*** Supplied material

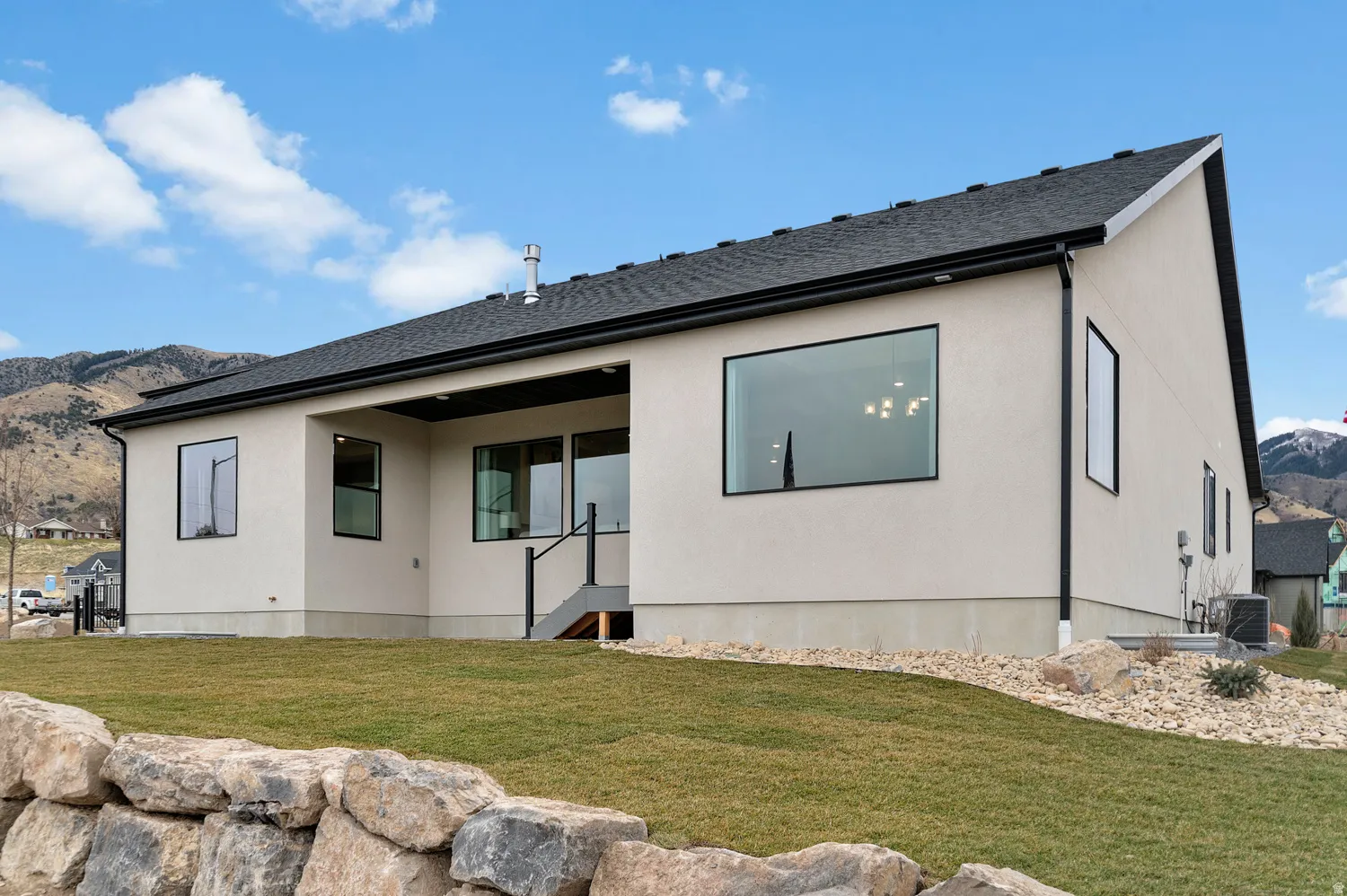 Contemporary exterior with light-colored stucco siding and dark-trimmed windows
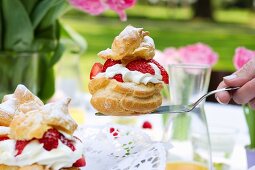 A profiterole filled with strawberries and cream on a cake slice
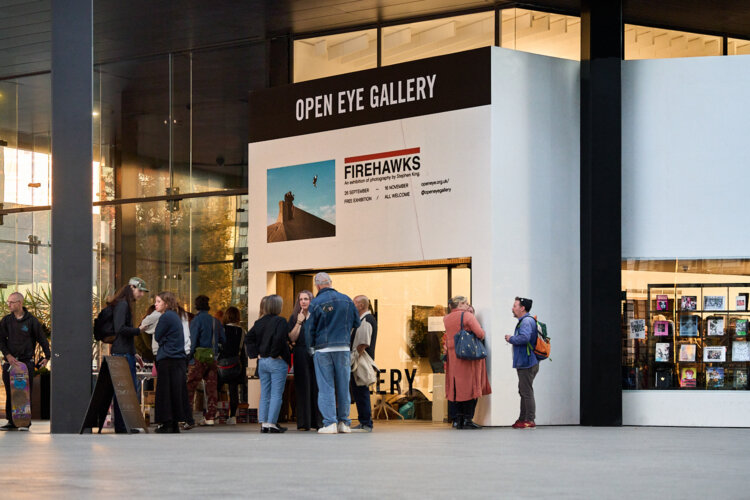 People are standing in front of the Open Eye Gallery in a covered atrium space during the launch event. The gallery is a small white buildings with its name above the door. There are some photos on the outside walls of the gallery.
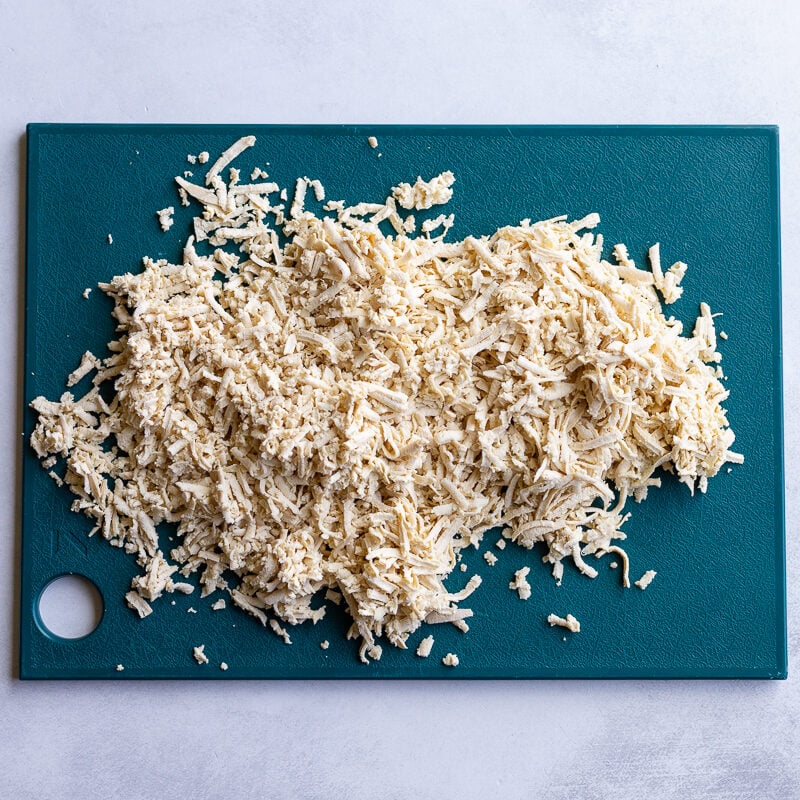 shredded tofu on a cutting board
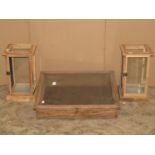 A shallow portable table top display case, with hinged sloping glazed panelled lid, together with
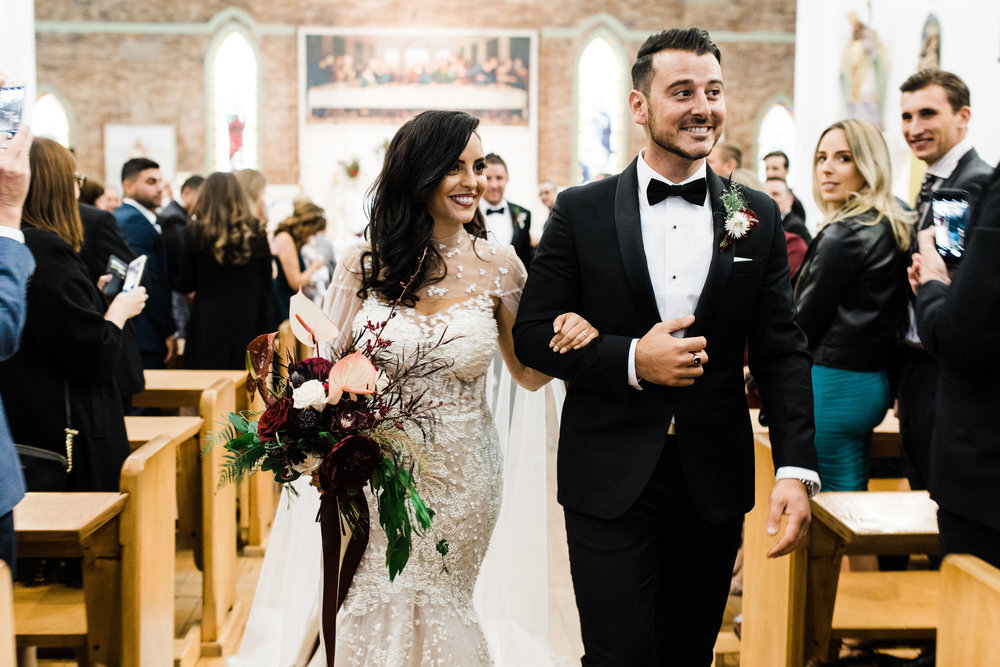 bride and groom walking down aisle at sydney church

******

Activity. Only the lines from the one containing "A shallow portable" through the end of the records should be copied, exactly and with both ends included; the pictures should not.

Response to this exercise.
 A shallow portable table top display case, with hinged sloping glazed panelled lid, together with
 bride and groom walking down aisle at sydney church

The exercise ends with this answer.